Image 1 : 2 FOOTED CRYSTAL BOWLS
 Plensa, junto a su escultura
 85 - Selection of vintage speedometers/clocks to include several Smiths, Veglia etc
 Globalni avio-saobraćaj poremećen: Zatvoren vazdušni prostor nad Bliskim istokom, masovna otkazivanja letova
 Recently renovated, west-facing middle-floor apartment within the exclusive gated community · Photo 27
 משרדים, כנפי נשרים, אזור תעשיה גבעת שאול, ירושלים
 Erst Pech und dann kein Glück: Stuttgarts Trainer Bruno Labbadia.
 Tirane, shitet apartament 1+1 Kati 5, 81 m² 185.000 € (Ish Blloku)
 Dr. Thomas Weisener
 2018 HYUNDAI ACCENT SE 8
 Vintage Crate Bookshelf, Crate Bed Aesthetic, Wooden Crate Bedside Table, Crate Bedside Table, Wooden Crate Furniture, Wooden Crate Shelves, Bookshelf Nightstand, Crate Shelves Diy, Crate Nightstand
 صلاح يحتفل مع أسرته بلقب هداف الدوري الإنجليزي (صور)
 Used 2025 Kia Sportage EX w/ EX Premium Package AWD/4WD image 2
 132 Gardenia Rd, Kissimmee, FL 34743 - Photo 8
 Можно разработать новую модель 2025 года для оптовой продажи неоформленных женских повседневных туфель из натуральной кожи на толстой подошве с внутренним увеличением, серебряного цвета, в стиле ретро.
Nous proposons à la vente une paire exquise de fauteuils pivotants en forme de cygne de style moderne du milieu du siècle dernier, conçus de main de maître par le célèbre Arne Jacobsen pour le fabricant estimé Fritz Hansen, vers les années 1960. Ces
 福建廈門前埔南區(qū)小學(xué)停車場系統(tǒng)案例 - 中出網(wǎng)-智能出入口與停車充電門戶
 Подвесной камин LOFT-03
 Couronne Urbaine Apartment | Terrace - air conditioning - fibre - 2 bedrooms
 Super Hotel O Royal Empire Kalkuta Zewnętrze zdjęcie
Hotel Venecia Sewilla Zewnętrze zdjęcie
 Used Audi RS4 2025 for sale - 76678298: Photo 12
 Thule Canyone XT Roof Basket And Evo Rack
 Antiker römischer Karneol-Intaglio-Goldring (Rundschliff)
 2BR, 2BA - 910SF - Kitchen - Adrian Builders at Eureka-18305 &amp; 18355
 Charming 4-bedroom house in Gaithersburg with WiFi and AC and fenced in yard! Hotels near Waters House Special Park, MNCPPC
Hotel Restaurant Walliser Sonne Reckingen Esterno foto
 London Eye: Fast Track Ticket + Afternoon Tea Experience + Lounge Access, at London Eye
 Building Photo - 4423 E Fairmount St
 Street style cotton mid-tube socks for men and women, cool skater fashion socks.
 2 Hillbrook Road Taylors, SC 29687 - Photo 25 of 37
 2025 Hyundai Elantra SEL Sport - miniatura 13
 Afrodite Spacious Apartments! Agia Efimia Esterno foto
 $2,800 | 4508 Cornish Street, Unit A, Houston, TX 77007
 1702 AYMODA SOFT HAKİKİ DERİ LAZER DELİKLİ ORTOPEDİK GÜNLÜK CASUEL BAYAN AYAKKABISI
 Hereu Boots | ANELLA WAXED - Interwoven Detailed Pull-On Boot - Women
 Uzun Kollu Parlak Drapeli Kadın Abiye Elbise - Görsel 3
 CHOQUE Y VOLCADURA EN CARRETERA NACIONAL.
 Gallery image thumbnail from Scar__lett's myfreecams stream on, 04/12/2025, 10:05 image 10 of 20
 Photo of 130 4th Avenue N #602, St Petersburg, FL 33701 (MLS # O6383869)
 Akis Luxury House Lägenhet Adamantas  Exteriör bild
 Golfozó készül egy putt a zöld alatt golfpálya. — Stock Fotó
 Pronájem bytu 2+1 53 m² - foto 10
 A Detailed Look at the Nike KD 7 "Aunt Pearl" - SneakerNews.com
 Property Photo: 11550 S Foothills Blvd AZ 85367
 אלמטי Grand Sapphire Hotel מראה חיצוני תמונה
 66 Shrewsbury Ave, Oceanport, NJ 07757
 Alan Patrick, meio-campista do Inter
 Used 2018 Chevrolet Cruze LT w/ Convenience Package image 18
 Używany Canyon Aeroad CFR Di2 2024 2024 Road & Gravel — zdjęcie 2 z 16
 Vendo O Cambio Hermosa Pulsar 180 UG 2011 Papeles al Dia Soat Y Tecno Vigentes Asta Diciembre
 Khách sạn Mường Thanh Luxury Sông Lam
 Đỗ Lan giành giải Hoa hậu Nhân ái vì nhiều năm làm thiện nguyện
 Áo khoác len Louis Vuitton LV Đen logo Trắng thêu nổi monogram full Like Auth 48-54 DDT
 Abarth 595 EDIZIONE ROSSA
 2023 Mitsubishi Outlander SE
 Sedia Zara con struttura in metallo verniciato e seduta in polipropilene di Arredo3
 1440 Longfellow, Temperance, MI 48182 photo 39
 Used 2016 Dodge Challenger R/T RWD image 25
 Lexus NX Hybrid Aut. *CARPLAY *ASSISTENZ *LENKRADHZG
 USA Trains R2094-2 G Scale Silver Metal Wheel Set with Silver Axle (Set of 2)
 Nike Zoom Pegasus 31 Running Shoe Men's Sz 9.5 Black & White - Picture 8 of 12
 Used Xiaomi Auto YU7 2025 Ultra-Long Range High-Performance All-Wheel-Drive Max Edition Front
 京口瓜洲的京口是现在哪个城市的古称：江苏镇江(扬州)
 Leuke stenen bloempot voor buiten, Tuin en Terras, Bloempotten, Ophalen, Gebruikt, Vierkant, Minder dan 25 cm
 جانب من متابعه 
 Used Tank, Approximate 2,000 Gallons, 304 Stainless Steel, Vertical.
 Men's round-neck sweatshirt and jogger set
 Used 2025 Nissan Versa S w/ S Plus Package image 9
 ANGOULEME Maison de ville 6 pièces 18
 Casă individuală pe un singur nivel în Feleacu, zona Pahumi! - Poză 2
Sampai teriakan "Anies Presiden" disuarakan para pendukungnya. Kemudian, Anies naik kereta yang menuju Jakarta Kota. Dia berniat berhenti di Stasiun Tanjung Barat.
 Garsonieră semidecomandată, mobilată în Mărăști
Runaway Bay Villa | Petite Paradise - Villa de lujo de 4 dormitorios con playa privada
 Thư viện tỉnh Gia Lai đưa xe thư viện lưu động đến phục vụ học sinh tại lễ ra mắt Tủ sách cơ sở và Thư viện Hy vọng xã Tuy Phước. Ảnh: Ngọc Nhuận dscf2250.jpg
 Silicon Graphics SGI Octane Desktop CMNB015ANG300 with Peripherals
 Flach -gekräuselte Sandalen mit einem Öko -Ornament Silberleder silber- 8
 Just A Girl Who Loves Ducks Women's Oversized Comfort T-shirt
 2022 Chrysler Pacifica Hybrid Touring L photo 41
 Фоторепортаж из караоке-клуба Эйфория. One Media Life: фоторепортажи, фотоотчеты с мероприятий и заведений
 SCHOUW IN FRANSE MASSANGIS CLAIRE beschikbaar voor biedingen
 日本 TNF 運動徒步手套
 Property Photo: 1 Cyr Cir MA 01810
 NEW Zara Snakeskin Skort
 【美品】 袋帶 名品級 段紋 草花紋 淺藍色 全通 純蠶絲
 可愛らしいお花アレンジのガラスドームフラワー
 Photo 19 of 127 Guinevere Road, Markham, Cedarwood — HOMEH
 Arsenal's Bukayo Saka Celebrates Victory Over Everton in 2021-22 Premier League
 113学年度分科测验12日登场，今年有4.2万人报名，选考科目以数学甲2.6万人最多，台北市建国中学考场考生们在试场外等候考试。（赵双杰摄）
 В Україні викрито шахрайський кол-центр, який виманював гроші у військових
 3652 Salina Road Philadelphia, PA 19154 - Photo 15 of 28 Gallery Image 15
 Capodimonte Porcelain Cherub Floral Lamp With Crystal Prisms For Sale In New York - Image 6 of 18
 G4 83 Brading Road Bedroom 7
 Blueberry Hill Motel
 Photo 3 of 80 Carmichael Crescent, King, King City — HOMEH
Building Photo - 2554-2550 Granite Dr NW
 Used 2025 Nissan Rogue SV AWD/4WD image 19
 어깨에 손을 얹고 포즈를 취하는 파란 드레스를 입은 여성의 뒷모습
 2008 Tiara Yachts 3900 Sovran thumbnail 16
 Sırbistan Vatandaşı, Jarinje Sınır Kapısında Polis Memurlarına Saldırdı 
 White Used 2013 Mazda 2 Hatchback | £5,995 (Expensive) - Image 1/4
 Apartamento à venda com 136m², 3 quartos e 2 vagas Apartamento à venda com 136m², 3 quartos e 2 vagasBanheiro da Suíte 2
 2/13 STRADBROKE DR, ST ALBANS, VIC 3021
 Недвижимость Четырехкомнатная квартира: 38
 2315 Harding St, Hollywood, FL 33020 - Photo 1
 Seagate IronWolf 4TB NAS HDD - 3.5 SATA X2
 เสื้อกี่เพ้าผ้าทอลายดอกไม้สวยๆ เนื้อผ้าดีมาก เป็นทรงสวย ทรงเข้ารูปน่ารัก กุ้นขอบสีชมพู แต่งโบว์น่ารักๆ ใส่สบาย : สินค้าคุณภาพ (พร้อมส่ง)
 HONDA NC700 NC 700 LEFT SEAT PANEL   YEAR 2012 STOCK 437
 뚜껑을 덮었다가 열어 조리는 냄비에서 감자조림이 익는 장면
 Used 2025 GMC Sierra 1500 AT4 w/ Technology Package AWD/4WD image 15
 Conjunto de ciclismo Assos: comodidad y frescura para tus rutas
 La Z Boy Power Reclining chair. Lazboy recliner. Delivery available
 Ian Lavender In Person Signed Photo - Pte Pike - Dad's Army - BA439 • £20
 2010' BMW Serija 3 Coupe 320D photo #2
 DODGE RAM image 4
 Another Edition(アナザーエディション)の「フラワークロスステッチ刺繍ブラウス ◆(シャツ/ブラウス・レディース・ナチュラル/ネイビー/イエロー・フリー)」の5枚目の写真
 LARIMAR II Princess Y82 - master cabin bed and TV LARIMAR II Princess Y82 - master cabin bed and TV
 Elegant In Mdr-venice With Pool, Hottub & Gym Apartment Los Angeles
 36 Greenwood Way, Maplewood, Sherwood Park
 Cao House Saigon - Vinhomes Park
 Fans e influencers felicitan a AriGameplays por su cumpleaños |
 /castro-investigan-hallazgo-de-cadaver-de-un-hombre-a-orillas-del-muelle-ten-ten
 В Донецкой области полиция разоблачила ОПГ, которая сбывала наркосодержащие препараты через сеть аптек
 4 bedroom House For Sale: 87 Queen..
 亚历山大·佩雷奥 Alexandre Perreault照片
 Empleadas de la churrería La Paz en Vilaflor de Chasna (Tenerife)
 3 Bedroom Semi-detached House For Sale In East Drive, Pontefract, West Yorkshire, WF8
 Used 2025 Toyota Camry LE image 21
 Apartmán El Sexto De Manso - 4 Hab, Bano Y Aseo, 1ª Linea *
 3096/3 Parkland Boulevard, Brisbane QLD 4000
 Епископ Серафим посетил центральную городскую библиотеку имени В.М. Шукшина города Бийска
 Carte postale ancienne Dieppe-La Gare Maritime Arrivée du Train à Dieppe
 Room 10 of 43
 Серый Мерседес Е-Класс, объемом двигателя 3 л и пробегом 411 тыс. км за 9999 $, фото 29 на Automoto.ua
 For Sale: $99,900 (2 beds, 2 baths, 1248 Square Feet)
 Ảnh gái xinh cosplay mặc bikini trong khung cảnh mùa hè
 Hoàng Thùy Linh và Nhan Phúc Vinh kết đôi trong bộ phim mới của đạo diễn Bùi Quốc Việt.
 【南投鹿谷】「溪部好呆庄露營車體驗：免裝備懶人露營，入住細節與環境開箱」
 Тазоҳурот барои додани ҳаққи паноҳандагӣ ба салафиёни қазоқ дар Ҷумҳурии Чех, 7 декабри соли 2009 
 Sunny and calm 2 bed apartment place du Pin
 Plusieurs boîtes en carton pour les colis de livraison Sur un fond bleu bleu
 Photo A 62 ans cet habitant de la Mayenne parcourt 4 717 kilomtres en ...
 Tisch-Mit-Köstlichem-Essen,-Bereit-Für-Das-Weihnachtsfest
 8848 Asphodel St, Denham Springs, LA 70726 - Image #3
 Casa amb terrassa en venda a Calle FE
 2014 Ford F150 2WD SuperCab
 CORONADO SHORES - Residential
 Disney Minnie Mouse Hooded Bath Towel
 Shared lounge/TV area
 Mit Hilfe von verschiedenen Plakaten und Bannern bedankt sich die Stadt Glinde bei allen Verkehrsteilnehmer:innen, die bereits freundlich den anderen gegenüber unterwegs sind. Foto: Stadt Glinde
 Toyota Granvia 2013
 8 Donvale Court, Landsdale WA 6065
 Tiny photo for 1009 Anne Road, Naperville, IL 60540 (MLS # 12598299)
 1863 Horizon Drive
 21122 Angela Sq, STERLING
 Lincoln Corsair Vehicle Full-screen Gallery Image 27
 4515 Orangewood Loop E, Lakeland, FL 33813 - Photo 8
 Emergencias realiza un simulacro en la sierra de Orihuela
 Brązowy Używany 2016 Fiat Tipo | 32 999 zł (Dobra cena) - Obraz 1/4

:::::

PROBLEM TO SOLVE: Copy task for the entries above: every line with the string "voor".

OUTPUT:
 Leuke stenen bloempot voor buiten, Tuin en Terras, Bloempotten, Ophalen, Gebruikt, Vierkant, Minder dan 25 cm
 SCHOUW IN FRANSE MASSANGIS CLAIRE beschikbaar voor biedingen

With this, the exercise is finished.